*Data for this exercise*.
+++
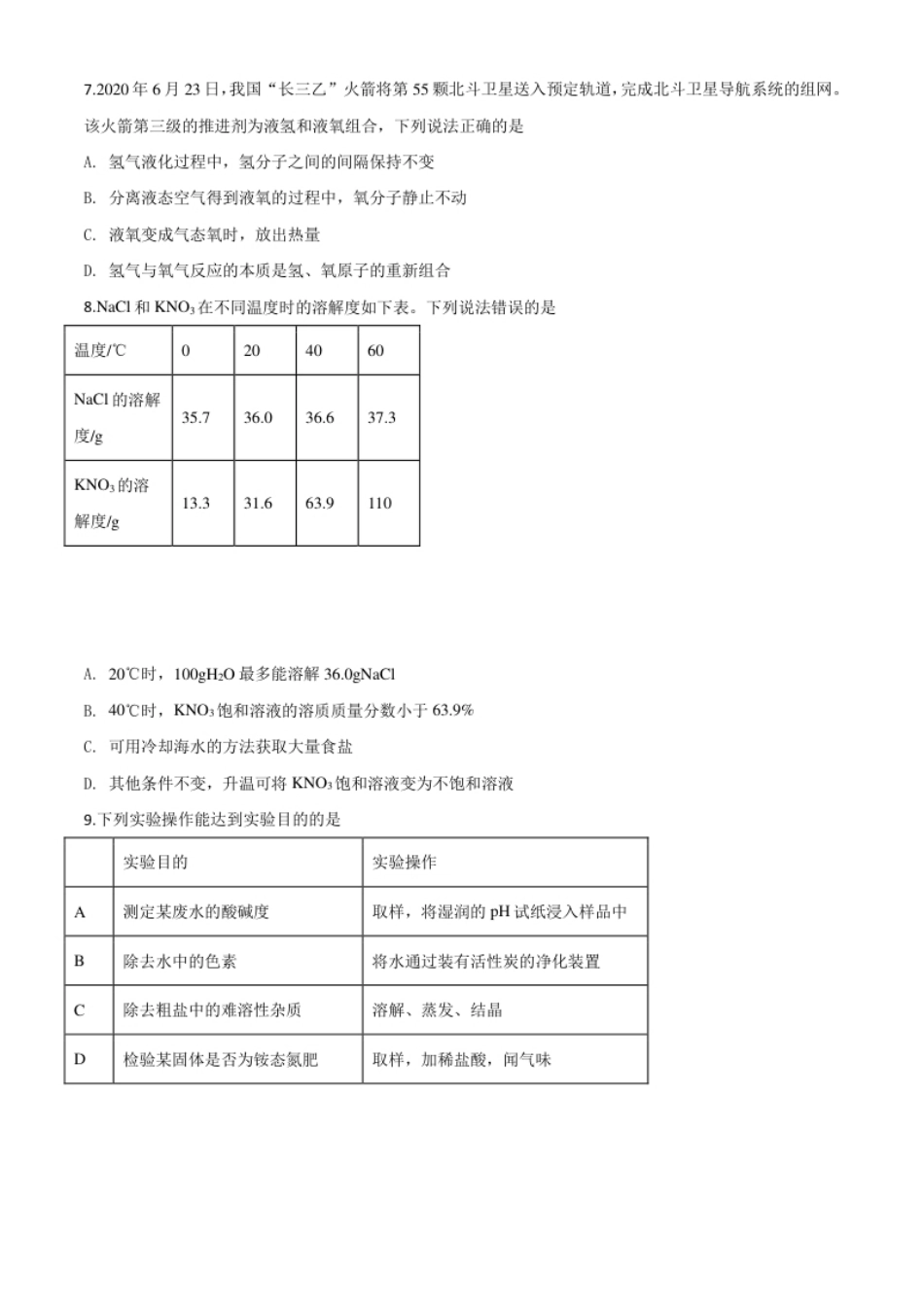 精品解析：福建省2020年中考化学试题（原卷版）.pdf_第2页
+++
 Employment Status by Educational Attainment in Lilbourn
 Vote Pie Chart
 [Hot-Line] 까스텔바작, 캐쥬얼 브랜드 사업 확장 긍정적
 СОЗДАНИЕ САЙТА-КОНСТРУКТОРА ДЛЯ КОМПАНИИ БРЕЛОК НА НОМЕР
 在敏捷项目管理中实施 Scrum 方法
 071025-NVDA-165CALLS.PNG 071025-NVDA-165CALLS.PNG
+++
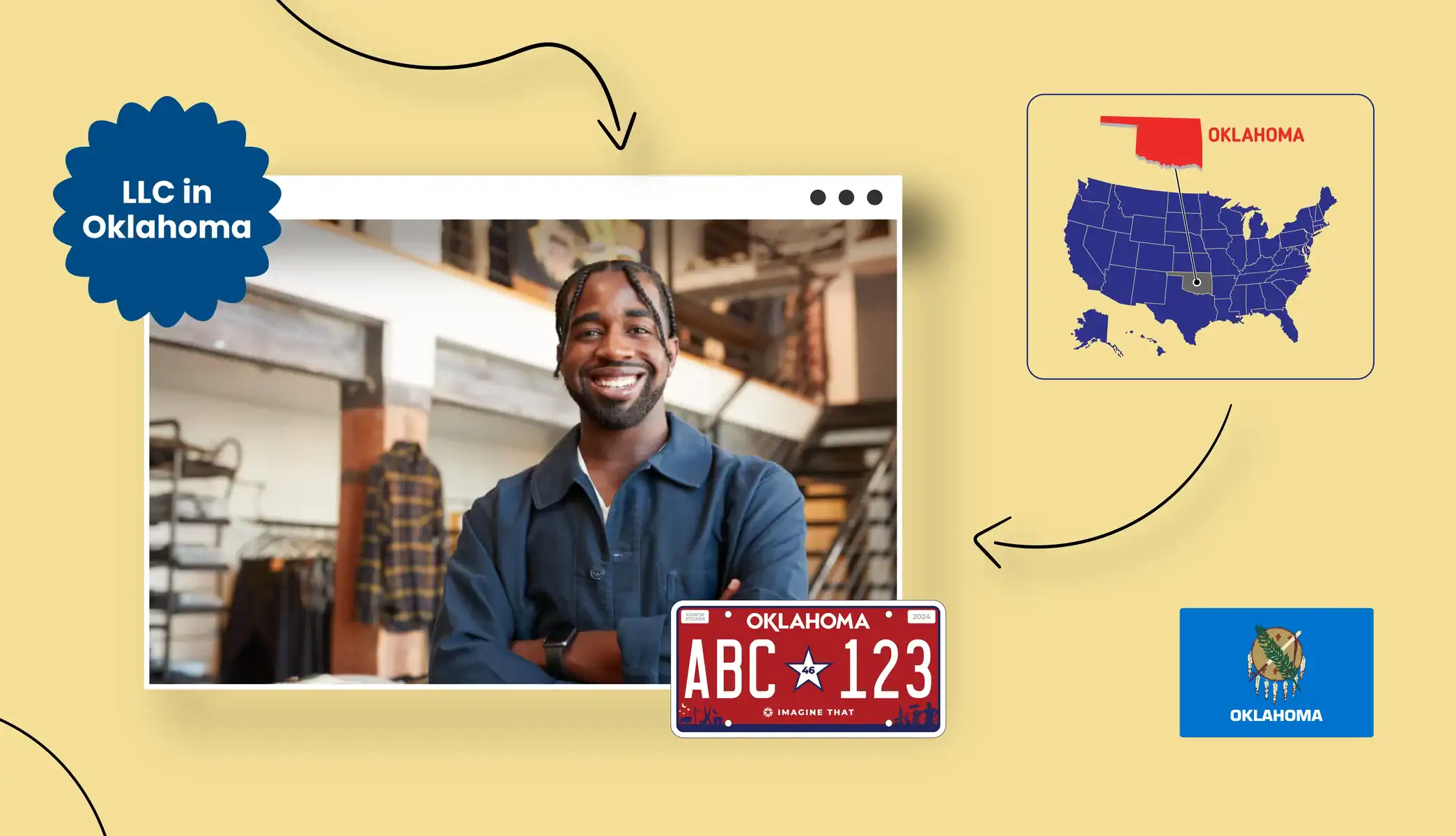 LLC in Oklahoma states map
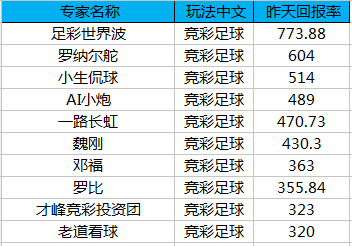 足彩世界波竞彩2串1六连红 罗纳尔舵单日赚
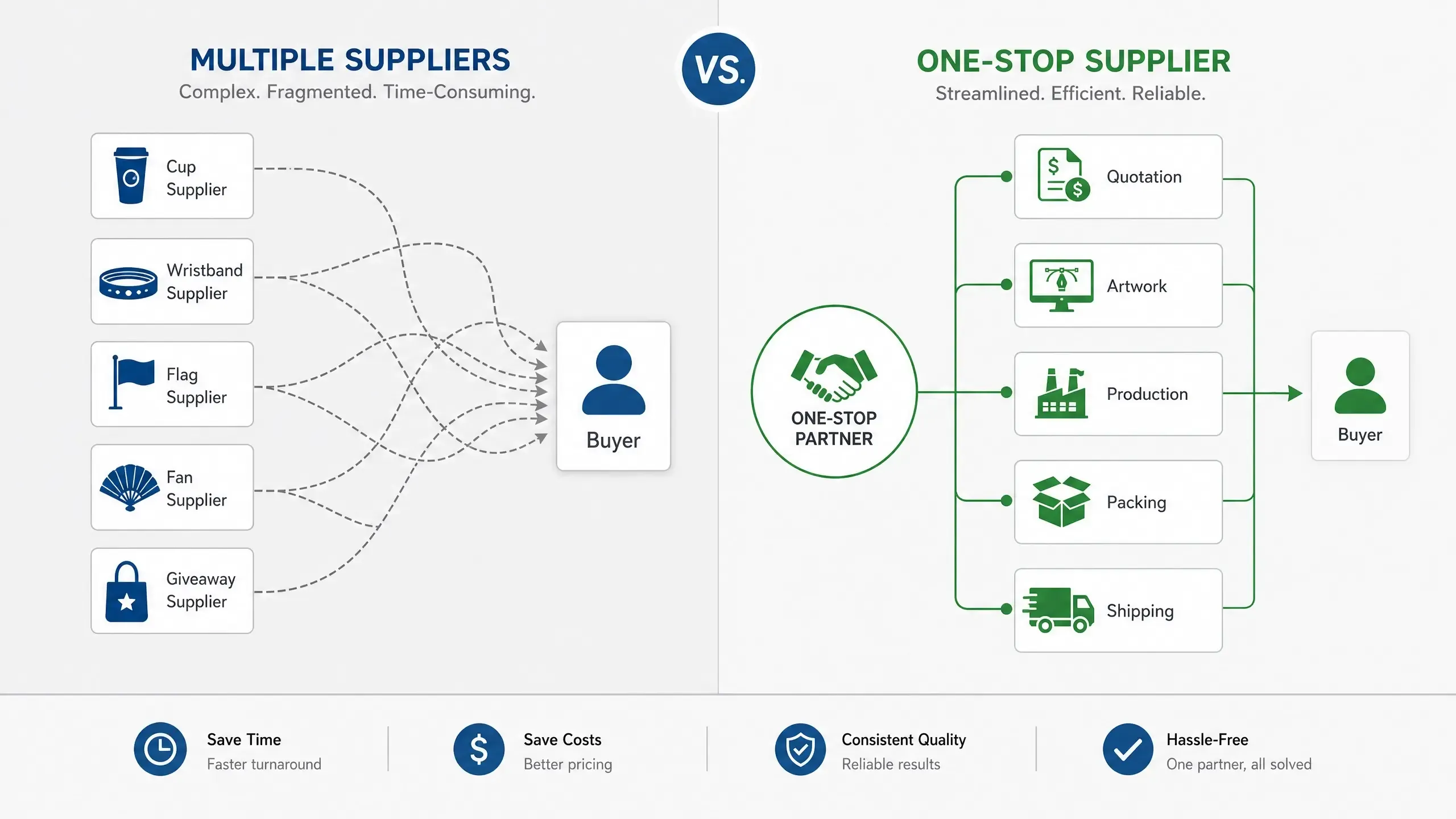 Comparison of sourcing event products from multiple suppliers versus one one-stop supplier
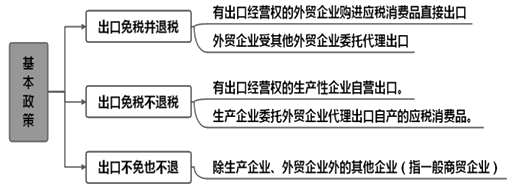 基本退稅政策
+++
The reply should hold only the lines of the listing above starting at the line containing "Employment Status by" and ending at the line containing "071025-NVDA-165CALLS.PNG 071025-NVDA-165CALLS.PNG", exactly as written.

*Solution to this problem*.
 Employment Status by Educational Attainment in Lilbourn
 Vote Pie Chart
 [Hot-Line] 까스텔바작, 캐쥬얼 브랜드 사업 확장 긍정적
 СОЗДАНИЕ САЙТА-КОНСТРУКТОРА ДЛЯ КОМПАНИИ БРЕЛОК НА НОМЕР
 在敏捷项目管理中实施 Scrum 方法
 071025-NVDA-165CALLS.PNG 071025-NVDA-165CALLS.PNG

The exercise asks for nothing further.